Reprint Factors Number Two: Production Costs
Another factor in deciding what to reprint are the production costs of creating a collection, which will probably be calculated after the sales of past collections have been assessed. These include sourcing good copies of the original comic (because not much artwork has survived), sourcing good, high quality scans at 300DPI or more (and no, buying illegal pirated CDs of material from dodgy sellers on eBay is not a solution, because quite apart from anything else, the scans are too low resolution), cleaning those scans, colour balancing, commissioning surrounding editorial material, paying staff to do the work, not to mention marketing costs in a world where building brand in competition with other media is tough and you only have a small but dedicated and, by fans, under appreciated team to do it with.
Reprint Factors Number Three: Distributor Limits
Regarding the general pace of reprints from any British comics company, fans aren’t generally aware that book distributors, not the publisher, often set limits on the number of books they can reasonably “sell in” to book shops. When collections was part of the package planned for Print Media Productions, the bizarrely-run Bosnian company I worked for that published the short-lived STRIP Magazine, our distributors of choice advised us to publish no more than 12 books at most in one year. So, actually, Rebellion are doing far more than many!
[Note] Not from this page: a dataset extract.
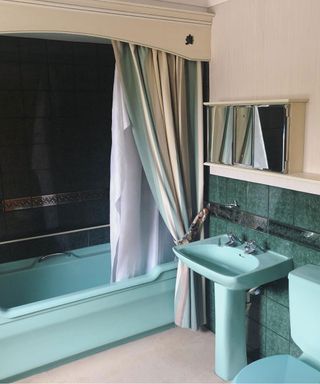 an old fashioned bathroom with blue bath and sink, with a curtain next to the bath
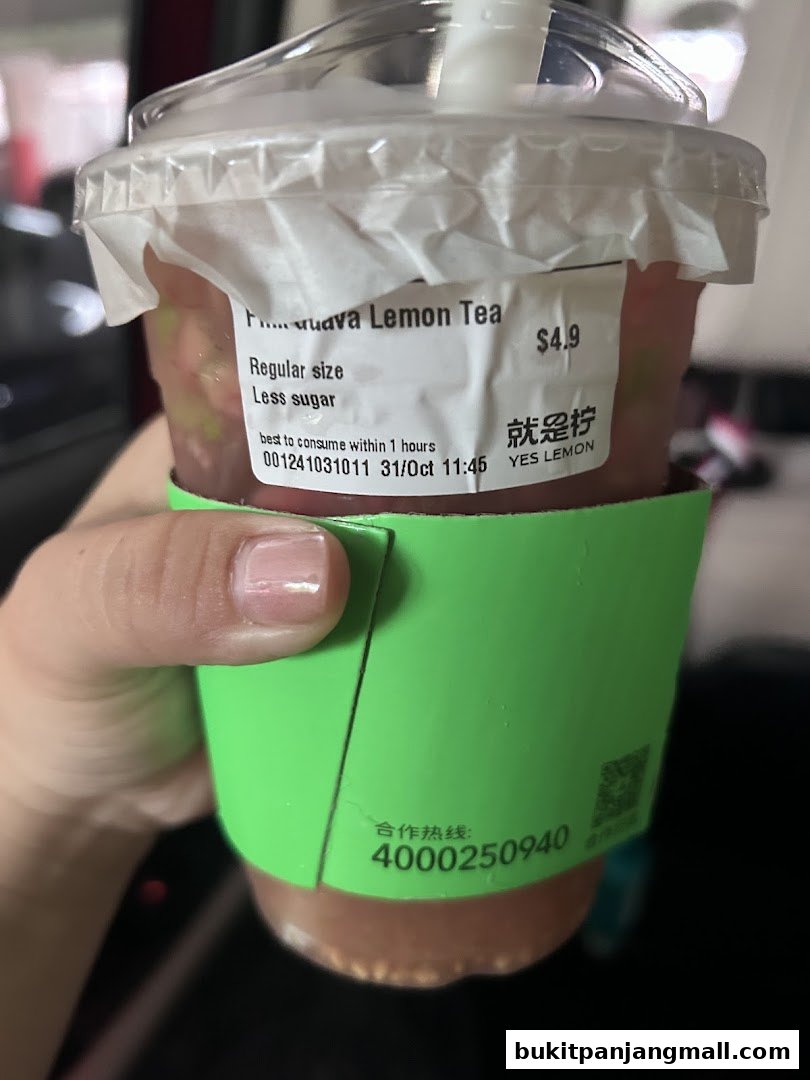 A hand holds a cup of Guava Lemon Tea with a green sleeve from YES LEMON.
Having their own distribution through their web shop helps, of course, where you can find their exclusive Janus Stark collections.
“Selling in” vintage material to the books trade is also hard no matter how many titles you plan, often beginning some 18 months ahead of actual release. US book distributors, for example, demand initial promotional material some twelve months before publication, even if covers might change.
Reprint Factors: The Good News…
This isn’t the first time I have noted the number of factors that impact on collection decisions. However, as I noted earlier, creating new material inspired by the original raises the profile of the originals, and if your new projects are a commercial success, that can, hopefully, buoy the chances of reprints. So buying the next Cor and Buster Special will, in a round about way, improve the chances of collections of some older fans remember reading the first time around, from the 1950s through to the early 1990s.
But as fans, we should also be realistic in our demands. Collections of the best of British strips are, perhaps, on first printing, going to sell perhaps 2000 – 3000 copies at most, to fans of the original who sadly there are less of, as we all age and the original comics become a more distant memory. It’s not an easy balance, but I know that the team at Rebellion, for example, would dearly love to get as much of their archive out in print through their own imprints – or, for lees commercial propositions, working in partnership with publishers with a proven track record of success reaching a niche audience, such as Hibernia Comics, and the Book Palace Books Publishing team.
I’d personally like to thank Rebellion for publishing the collections they are, offering a great mix of titles, such as the recently-released first volume of The Trigan Empire, even if like other fans there are some characters I’d dearly love to see back in print. But like others, I will just have to be patient, won’t I?